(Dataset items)
☆ ☆ ☆ ☆ ☆

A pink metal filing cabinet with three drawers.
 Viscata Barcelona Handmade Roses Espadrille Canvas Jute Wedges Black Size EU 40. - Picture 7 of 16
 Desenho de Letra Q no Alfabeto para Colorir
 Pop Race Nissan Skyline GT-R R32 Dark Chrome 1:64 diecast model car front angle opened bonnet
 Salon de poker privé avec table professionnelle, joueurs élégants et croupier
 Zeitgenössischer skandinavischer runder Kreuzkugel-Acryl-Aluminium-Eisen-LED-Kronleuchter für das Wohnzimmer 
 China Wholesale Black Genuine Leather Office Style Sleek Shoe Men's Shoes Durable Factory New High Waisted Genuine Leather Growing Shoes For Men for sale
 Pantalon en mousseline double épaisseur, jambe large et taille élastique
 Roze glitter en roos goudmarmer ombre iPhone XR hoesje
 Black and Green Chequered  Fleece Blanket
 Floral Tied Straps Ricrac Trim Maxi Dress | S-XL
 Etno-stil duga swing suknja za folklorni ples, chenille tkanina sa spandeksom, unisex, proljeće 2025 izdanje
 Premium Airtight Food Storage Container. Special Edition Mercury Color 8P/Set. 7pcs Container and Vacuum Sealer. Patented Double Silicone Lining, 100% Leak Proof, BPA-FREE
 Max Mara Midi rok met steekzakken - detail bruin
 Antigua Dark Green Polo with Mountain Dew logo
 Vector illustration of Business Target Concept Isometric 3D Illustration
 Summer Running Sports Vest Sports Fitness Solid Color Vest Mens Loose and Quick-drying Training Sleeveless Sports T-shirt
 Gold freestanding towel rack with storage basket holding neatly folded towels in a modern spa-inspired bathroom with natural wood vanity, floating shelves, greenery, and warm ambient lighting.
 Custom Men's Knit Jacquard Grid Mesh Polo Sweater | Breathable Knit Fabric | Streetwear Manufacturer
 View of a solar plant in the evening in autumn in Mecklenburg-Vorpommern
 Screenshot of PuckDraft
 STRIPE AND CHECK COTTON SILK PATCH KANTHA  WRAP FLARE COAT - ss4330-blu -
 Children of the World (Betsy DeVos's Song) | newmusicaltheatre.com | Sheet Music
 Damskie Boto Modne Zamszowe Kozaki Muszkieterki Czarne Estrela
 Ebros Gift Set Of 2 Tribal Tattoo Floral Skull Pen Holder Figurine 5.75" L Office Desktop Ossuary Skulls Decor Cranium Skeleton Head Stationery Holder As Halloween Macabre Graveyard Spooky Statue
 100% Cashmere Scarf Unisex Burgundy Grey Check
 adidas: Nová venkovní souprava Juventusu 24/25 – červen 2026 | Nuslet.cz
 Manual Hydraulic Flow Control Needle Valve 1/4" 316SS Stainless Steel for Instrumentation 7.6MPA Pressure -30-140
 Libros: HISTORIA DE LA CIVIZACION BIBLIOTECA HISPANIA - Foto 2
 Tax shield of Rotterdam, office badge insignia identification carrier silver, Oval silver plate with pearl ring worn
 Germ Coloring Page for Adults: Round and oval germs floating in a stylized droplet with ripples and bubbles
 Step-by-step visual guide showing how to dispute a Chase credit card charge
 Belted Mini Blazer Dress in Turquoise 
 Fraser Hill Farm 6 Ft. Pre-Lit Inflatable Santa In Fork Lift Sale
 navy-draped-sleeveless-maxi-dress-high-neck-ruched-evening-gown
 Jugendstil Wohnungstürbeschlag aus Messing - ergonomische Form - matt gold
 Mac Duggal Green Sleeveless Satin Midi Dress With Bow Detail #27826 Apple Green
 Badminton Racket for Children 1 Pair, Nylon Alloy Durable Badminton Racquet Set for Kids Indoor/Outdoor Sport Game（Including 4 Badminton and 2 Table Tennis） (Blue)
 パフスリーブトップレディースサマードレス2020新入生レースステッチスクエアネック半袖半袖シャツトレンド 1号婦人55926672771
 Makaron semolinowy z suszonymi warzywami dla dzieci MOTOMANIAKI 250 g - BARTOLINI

☆ ☆ ☆ ☆ ☆

• [Exercise requirements]: Set down an exact copy of the entries above.

• [Answer space]:
A pink metal filing cabinet with three drawers.
 Viscata Barcelona Handmade Roses Espadrille Canvas Jute Wedges Black Size EU 40. - Picture 7 of 16
 Desenho de Letra Q no Alfabeto para Colorir
 Pop Race Nissan Skyline GT-R R32 Dark Chrome 1:64 diecast model car front angle opened bonnet
 Salon de poker privé avec table professionnelle, joueurs élégants et croupier
 Zeitgenössischer skandinavischer runder Kreuzkugel-Acryl-Aluminium-Eisen-LED-Kronleuchter für das Wohnzimmer 
 China Wholesale Black Genuine Leather Office Style Sleek Shoe Men's Shoes Durable Factory New High Waisted Genuine Leather Growing Shoes For Men for sale
 Pantalon en mousseline double épaisseur, jambe large et taille élastique
 Roze glitter en roos goudmarmer ombre iPhone XR hoesje
 Black and Green Chequered  Fleece Blanket
 Floral Tied Straps Ricrac Trim Maxi Dress | S-XL
 Etno-stil duga swing suknja za folklorni ples, chenille tkanina sa spandeksom, unisex, proljeće 2025 izdanje
 Premium Airtight Food Storage Container. Special Edition Mercury Color 8P/Set. 7pcs Container and Vacuum Sealer. Patented Double Silicone Lining, 100% Leak Proof, BPA-FREE
 Max Mara Midi rok met steekzakken - detail bruin
 Antigua Dark Green Polo with Mountain Dew logo
 Vector illustration of Business Target Concept Isometric 3D Illustration
 Summer Running Sports Vest Sports Fitness Solid Color Vest Mens Loose and Quick-drying Training Sleeveless Sports T-shirt
 Gold freestanding towel rack with storage basket holding neatly folded towels in a modern spa-inspired bathroom with natural wood vanity, floating shelves, greenery, and warm ambient lighting.
 Custom Men's Knit Jacquard Grid Mesh Polo Sweater | Breathable Knit Fabric | Streetwear Manufacturer
 View of a solar plant in the evening in autumn in Mecklenburg-Vorpommern
 Screenshot of PuckDraft
 STRIPE AND CHECK COTTON SILK PATCH KANTHA  WRAP FLARE COAT - ss4330-blu -
 Children of the World (Betsy DeVos's Song) | newmusicaltheatre.com | Sheet Music
 Damskie Boto Modne Zamszowe Kozaki Muszkieterki Czarne Estrela
 Ebros Gift Set Of 2 Tribal Tattoo Floral Skull Pen Holder Figurine 5.75" L Office Desktop Ossuary Skulls Decor Cranium Skeleton Head Stationery Holder As Halloween Macabre Graveyard Spooky Statue
 100% Cashmere Scarf Unisex Burgundy Grey Check
 adidas: Nová venkovní souprava Juventusu 24/25 – červen 2026 | Nuslet.cz
 Manual Hydraulic Flow Control Needle Valve 1/4" 316SS Stainless Steel for Instrumentation 7.6MPA Pressure -30-140
 Libros: HISTORIA DE LA CIVIZACION BIBLIOTECA HISPANIA - Foto 2
 Tax shield of Rotterdam, office badge insignia identification carrier silver, Oval silver plate with pearl ring worn
 Germ Coloring Page for Adults: Round and oval germs floating in a stylized droplet with ripples and bubbles
 Step-by-step visual guide showing how to dispute a Chase credit card charge
 Belted Mini Blazer Dress in Turquoise 
 Fraser Hill Farm 6 Ft. Pre-Lit Inflatable Santa In Fork Lift Sale
 navy-draped-sleeveless-maxi-dress-high-neck-ruched-evening-gown
 Jugendstil Wohnungstürbeschlag aus Messing - ergonomische Form - matt gold
 Mac Duggal Green Sleeveless Satin Midi Dress With Bow Detail #27826 Apple Green
 Badminton Racket for Children 1 Pair, Nylon Alloy Durable Badminton Racquet Set for Kids Indoor/Outdoor Sport Game（Including 4 Badminton and 2 Table Tennis） (Blue)
 パフスリーブトップレディースサマードレス2020新入生レースステッチスクエアネック半袖半袖シャツトレンド 1号婦人55926672771
 Makaron semolinowy z suszonymi warzywami dla dzieci MOTOMANIAKI 250 g - BARTOLINI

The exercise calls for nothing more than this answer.